Une conclusion importante concerne les propriétaires. Le rapport évoque que « les attaques de chiens varient en termes de gravité, de fréquence, de motivation et de facteurs de risque situationnels, et le comportement humain est un facteur clé dans les morsures de chien et les comportements agressifs. Une série de facteurs situationnels peuvent provoquer ou rendre plus probables les attaques de chiens. Le comportement humain, en particulier un comportement inadapté auprès des chiens, doit être considéré comme un facteur de risque, surtout à la maison.  Des connaissances obligatoires avant de détenir un chien et une formation comportementale à la suite d'un incident d'attaque ont été identifiées comme une réponse appropriée. »

L’étude indique de plus que « les participants ont presque unanimement mis en doute l'idée que la race était un facteur à l’origine d'attaques de chiens, notant soit que les chiens ne sont pas intrinsèquement dangereux s'ils sont correctement socialisés et entraînés à adopter des comportements adéquats, soit que tous les chiens peuvent être dangereux s'ils sont placés dans de mauvaises situations et traités de manière inappropriée ».

Ce rapport, salué par une coalition de plusieurs associations de protection animale et la British Veterinary Association, conteste l'hypothèse principale de l'article 1 de la loi sur les chiens dangereux2 (voir encadré), selon laquelle certaines races de chiens sont intrinsèquement dangereuses. Introduite en 1991, cette loi interdit la possession, l'élevage, la vente, la publicité de chiens de type pitbull terrier, tosa japonais, fila brasileiro et dogue argentin.

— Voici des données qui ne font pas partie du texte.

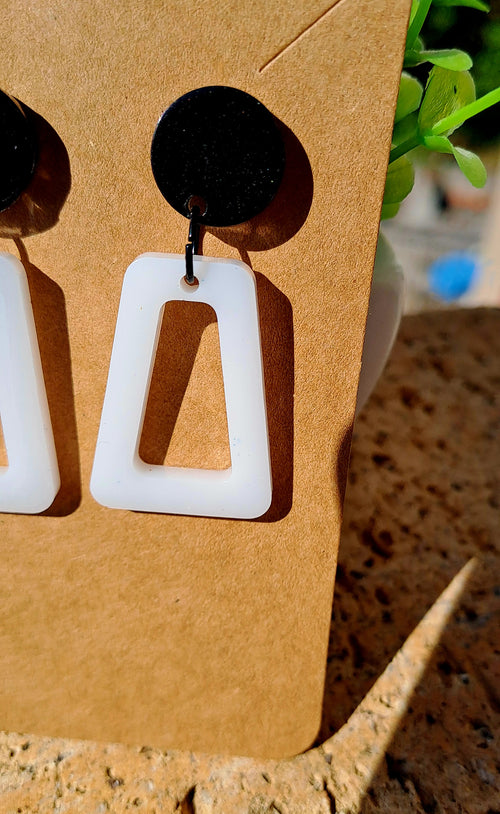 Boucles d'oreilles artisanales blanches et noires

Samantha Gaines, cheffe du département science et politique des animaux de compagnie et experte en bien-être animal de la RSPCA, a commenté les résultats du rapport dans les médias : « Cette recherche confirme la conviction de nombreux acteurs du domaine du bien-être animal et de la médecine vétérinaire selon laquelle la législation spécifique à la race, qui qualifie certains types de chiens comme présentant un plus grand risque pour la sécurité publique, est imparfaite. ». La vétérinaire a ajouté : « Nous sommes ravis qu'après des années d'appel à la modification de cette législation, ce rapport indépendant apporte des preuves supplémentaires de la nécessité d'un changement et reconnaisse que d'autres facteurs, notamment le comportement humain et particulièrement les comportements inappropriés autour des chiens, sont des facteurs de risque clés dans les morsures de chien et les comportements agressifs. Compte tenu de ces résultats, il est maintenant impératif que le gouvernement les utilise. »

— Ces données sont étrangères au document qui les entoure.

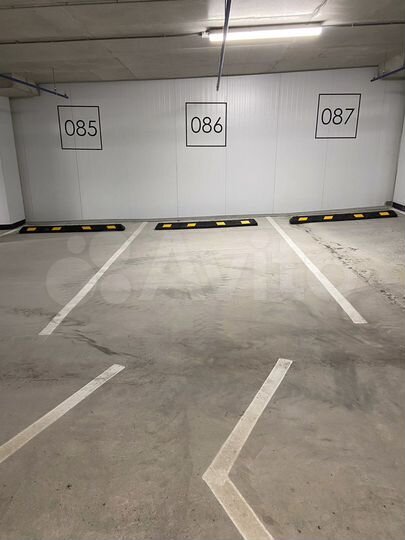 Машиноместо, 13 м²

Une porte-parole du DEFRA a déclaré à Sky News: « Les attaques de chiens peuvent avoir des conséquences horribles. C'est pourquoi c'est une infraction pénale de laisser n'importe quel chien, pas seulement les races interdites, dans une situation où il est hors de contrôle et dangereux. Nous saluons les conclusions du rapport de l'université du Middlesex et travaillerons avec la police et les parties prenantes pour examiner plus avant les recommandations. »

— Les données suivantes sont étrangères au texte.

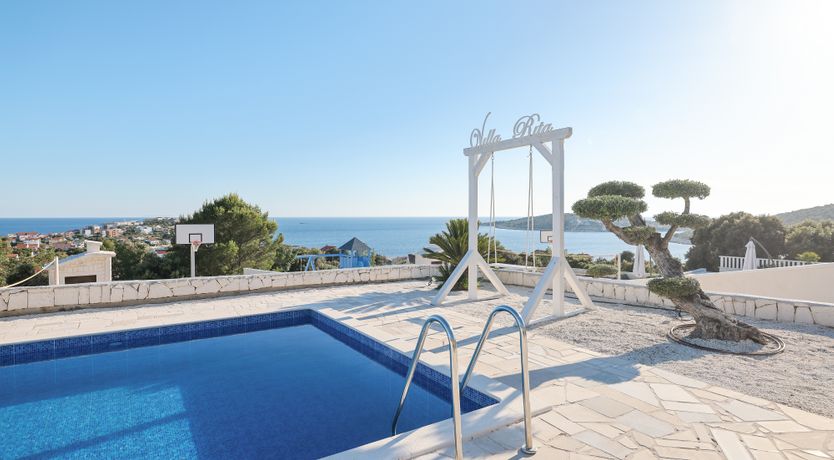 Photo of Seaview Hideout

À propos de la loi sur les chiens dangereux

La législation est entrée en vigueur après qu’un enfant de 6 ans a été mutilé par un pitbull dans un parc de Bradford. Après onze attaques horribles en 1991, le ministre de l'Intérieur de l'époque, Kenneth Baker, a promis « de débarrasser le pays de la menace de ces chiens de combat ». Il est devenu illégal de posséder des chiens « appartenant à des types élevés pour le combat », à savoir de type pitbull terrier, tosa japonais, dogue argentin et fila brasileiro. Le fait de permettre à un chien (de toute race ou type) d'être hors de contrôle et dangereux ("dangerously out of ccontrol") est également devenu une infraction pénale. De nombreuses voix s’élèvent depuis longtemps pour dire qu'il n'y a pas de races prédisposées à la violence et que cette loi ne met pas l'accent sur le rôle de la propriété irresponsable dans les attaques de chiens. Selon la British Veterinary Association, les recherches n’ont pas montré de diminution des comportements agressifs et des incidents de morsure de chien depuis l'introduction de cette réglementation.